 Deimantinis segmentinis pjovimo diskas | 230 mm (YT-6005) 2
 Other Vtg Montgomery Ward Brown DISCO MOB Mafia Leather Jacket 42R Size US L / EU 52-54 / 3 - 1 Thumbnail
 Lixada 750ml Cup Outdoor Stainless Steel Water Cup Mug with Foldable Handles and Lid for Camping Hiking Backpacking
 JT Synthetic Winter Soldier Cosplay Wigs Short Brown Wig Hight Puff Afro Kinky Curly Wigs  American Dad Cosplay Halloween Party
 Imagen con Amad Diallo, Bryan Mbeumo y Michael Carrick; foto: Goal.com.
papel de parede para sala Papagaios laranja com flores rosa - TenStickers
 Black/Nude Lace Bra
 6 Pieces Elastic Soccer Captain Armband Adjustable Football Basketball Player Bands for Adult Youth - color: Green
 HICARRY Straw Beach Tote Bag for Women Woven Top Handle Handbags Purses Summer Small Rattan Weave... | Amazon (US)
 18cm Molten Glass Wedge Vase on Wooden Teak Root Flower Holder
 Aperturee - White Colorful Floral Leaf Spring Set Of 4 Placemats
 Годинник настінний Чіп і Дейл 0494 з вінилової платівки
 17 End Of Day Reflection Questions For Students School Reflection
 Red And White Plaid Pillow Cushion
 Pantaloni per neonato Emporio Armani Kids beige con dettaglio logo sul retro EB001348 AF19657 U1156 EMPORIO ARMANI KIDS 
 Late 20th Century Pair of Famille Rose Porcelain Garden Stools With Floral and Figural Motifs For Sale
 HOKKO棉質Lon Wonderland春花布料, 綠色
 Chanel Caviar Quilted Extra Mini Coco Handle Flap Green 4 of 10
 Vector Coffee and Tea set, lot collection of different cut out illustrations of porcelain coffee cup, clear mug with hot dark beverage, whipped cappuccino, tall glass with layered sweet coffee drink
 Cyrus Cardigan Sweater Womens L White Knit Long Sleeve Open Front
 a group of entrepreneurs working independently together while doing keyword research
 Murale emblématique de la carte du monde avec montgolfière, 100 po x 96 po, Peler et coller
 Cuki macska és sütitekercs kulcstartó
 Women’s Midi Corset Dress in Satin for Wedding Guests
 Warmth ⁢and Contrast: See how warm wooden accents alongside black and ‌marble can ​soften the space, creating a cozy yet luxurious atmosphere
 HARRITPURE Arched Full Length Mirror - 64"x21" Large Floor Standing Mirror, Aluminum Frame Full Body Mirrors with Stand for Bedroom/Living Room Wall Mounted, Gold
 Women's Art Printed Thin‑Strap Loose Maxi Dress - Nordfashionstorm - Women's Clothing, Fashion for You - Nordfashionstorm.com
++++
-- Problem statement --
Print the records above again, every one, exactly as written.

-- Response to this task --
 Deimantinis segmentinis pjovimo diskas | 230 mm (YT-6005) 2
 Other Vtg Montgomery Ward Brown DISCO MOB Mafia Leather Jacket 42R Size US L / EU 52-54 / 3 - 1 Thumbnail
 Lixada 750ml Cup Outdoor Stainless Steel Water Cup Mug with Foldable Handles and Lid for Camping Hiking Backpacking
 JT Synthetic Winter Soldier Cosplay Wigs Short Brown Wig Hight Puff Afro Kinky Curly Wigs  American Dad Cosplay Halloween Party
 Imagen con Amad Diallo, Bryan Mbeumo y Michael Carrick; foto: Goal.com.
papel de parede para sala Papagaios laranja com flores rosa - TenStickers
 Black/Nude Lace Bra
 6 Pieces Elastic Soccer Captain Armband Adjustable Football Basketball Player Bands for Adult Youth - color: Green
 HICARRY Straw Beach Tote Bag for Women Woven Top Handle Handbags Purses Summer Small Rattan Weave... | Amazon (US)
 18cm Molten Glass Wedge Vase on Wooden Teak Root Flower Holder
 Aperturee - White Colorful Floral Leaf Spring Set Of 4 Placemats
 Годинник настінний Чіп і Дейл 0494 з вінилової платівки
 17 End Of Day Reflection Questions For Students School Reflection
 Red And White Plaid Pillow Cushion
 Pantaloni per neonato Emporio Armani Kids beige con dettaglio logo sul retro EB001348 AF19657 U1156 EMPORIO ARMANI KIDS 
 Late 20th Century Pair of Famille Rose Porcelain Garden Stools With Floral and Figural Motifs For Sale
 HOKKO棉質Lon Wonderland春花布料, 綠色
 Chanel Caviar Quilted Extra Mini Coco Handle Flap Green 4 of 10
 Vector Coffee and Tea set, lot collection of different cut out illustrations of porcelain coffee cup, clear mug with hot dark beverage, whipped cappuccino, tall glass with layered sweet coffee drink
 Cyrus Cardigan Sweater Womens L White Knit Long Sleeve Open Front
 a group of entrepreneurs working independently together while doing keyword research
 Murale emblématique de la carte du monde avec montgolfière, 100 po x 96 po, Peler et coller
 Cuki macska és sütitekercs kulcstartó
 Women’s Midi Corset Dress in Satin for Wedding Guests
 Warmth ⁢and Contrast: See how warm wooden accents alongside black and ‌marble can ​soften the space, creating a cozy yet luxurious atmosphere
 HARRITPURE Arched Full Length Mirror - 64"x21" Large Floor Standing Mirror, Aluminum Frame Full Body Mirrors with Stand for Bedroom/Living Room Wall Mounted, Gold
 Women's Art Printed Thin‑Strap Loose Maxi Dress - Nordfashionstorm - Women's Clothing, Fashion for You - Nordfashionstorm.com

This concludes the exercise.